Da kam Vree mit dem Abendbrot für ihn, Röbi sprang von dem Scheitstock, den er sich als Sitzplatz erwählt hatte, herunter. »Ich muß nun gehen. Besinnt Euch gut. Und noch eins! Niemand darf von dem Plan etwas merken, am allerwenigsten Fräulein Freihofer. Das ist Übung der jungen Leute von Haldenegg, daß vor dem Spiel alles Geheimnis bleibt! Wir zählen auf Euer Schweigen.«
»O, ich kann still sein wie ein Fisch!« rief Balz mit strahlendem Blick.
Balz aber blieb in einem so mächtigen Taumel zurück, daß er nicht mehr auf die Leiter steigen und kein Werkzeug mehr halten konnte. Was war dieser Student für ein herrlicher Mensch, so freundlich, lieb und gütig! Wie schön, daß er seinen Schatz in der Stadt und selber keine Begierde nach Fräulein Freihofer hatte!
Glückselig lachte er vor sich hin, –er lachte, als Meister Hildebrand zur Nachschau auf den Platz kam, und lachte, als der Friedensrichter gegen Abend Prüfung über den Tagesfortschritt der Arbeit hielt.
Verwundert schüttelte der Freihöfler den Kopf. Als er in die Stube trat, fragte er Gertrud: »Weißt du, was Balz in die Krone geschossen ist? Wohl der gestrige Ritt! Er hat den Verstand verloren. Wenn nur die Arbeit am Haus auf Ostern noch fertig wird!« Tiefsinnig schritt er die Stube auf und ab.
»Wo ist Röbi?« fragte er nach einer Weile.

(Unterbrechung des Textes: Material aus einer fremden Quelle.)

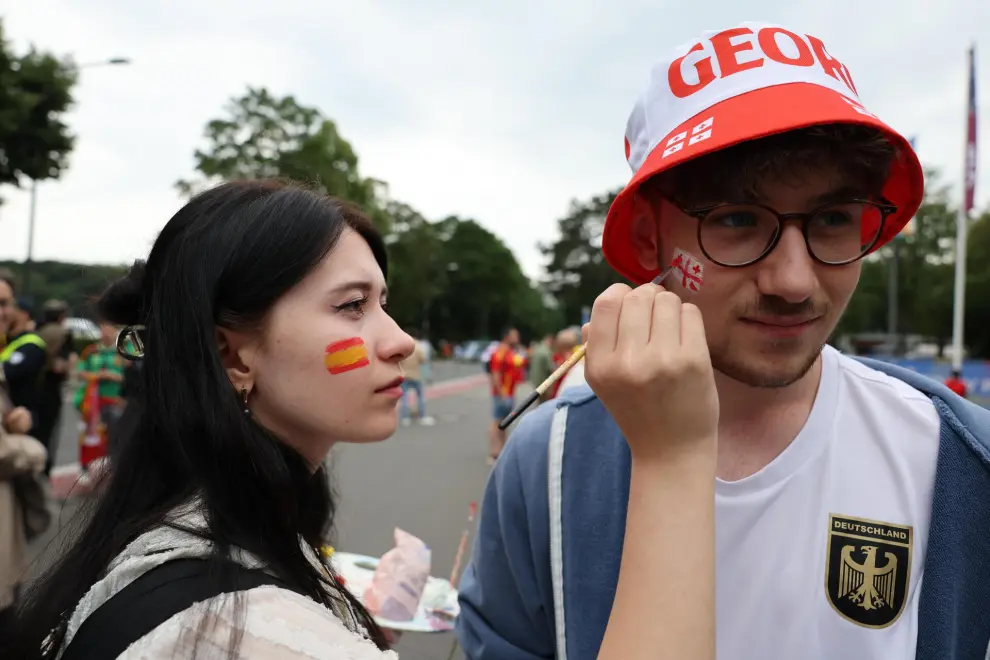 Cologne (Germany), 30/06/2024.- A supporter of Spain (L) draws a flag on the face of a supporter of Georgia as they arrive for the UEFA EURO 2024 Round of 16 soccer match between Spain and Georgia, in Cologne, Germany, 30 June 2024. (Alemania, España, Colonia) EFE/EPA/MOHAMED MESSARA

»Ich denke, er ist ins Dorf hinabgegangen, um wegen des Eierspiels mit den anderen Burschen zu beraten.«
Der Freihöfler nickte: »Röbi gefällt mir bei seinem jetzigen Besuch recht gut. Die Mensurgeschichte hat ihn doch merkbar ernster gestimmt. Er hat jetzt manchmal eine schöne Männlichkeit, die Tüchtiges verspricht.«
»Ja, ich spür's auch, daß er über manches gründlicher denkt als früher,« stimmte Gertrud zu.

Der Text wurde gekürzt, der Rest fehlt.